Task goal.
From the line containing "Schlauch- Rohrbruchsicherung AG/IG" down to the final line of the entries below, return each line exactly and drop the pictures.

------ Data ------

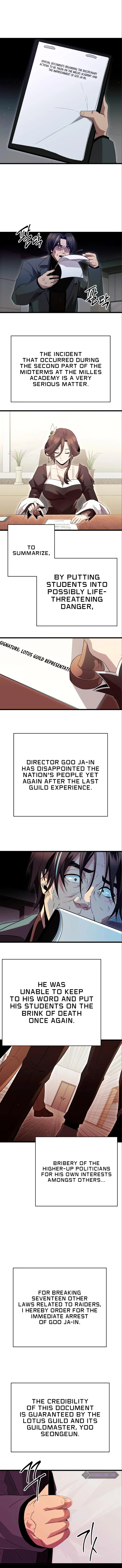 I Obtained a Mythic Item Chapter 78 - Page 9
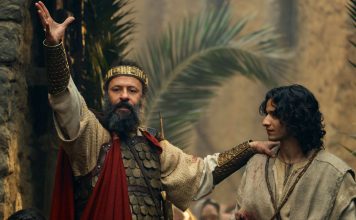 “House of David” se consolida en Prime Video y anticipa una tercera temporada centrada en la coronación de David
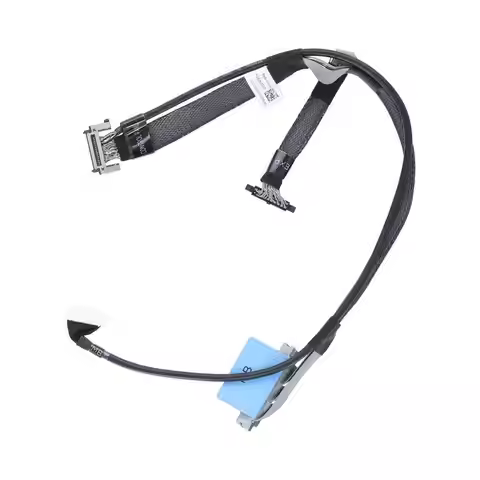 CVJ29 For Dell R630 XC630 Server Front Switch Panel IO Control Cable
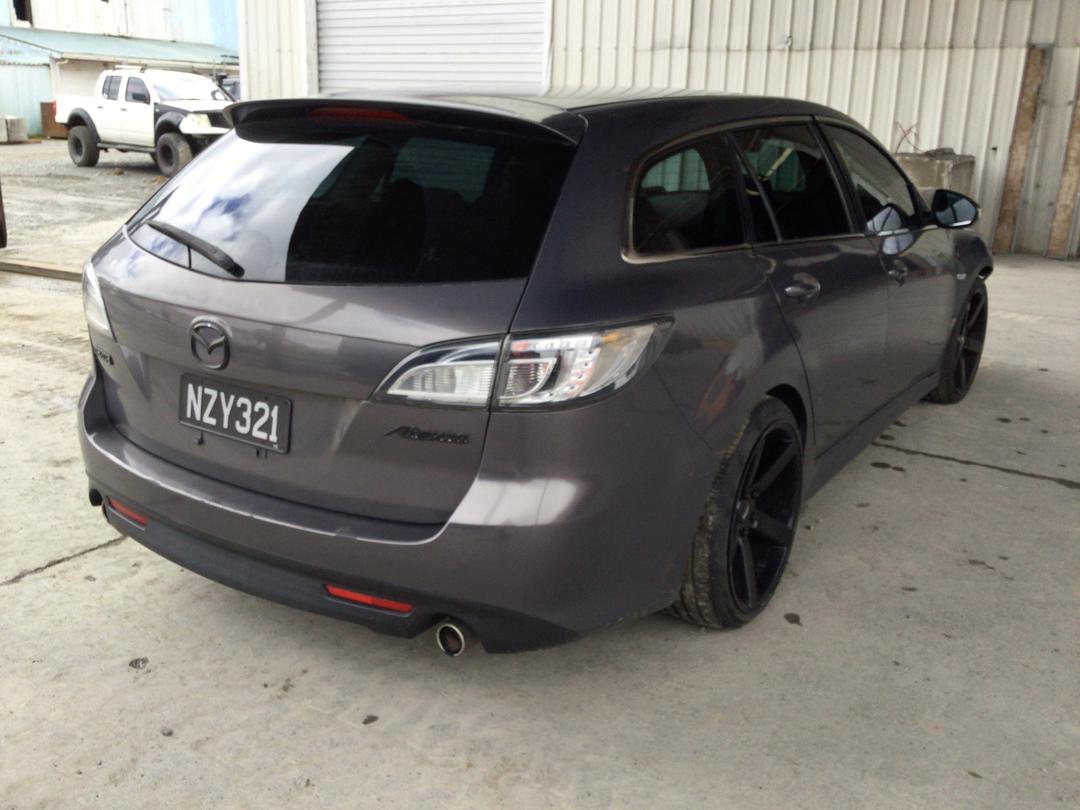 Photo '7' of Mazda Atenza Photo '7' of Mazda Atenza
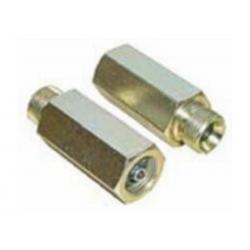 Schlauch- Rohrbruchsicherung AG/IG 1/2 - 80l/min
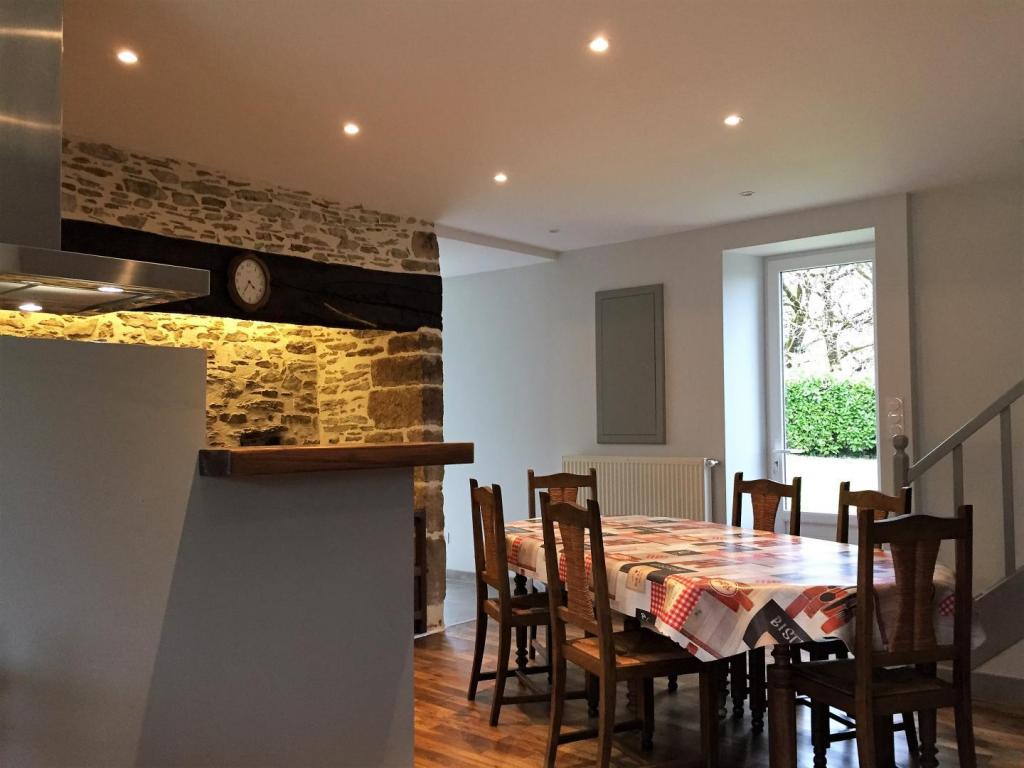 Location Gîtes de France chez Jeannette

------

Response.
 Schlauch- Rohrbruchsicherung AG/IG 1/2 - 80l/min
 Location Gîtes de France chez Jeannette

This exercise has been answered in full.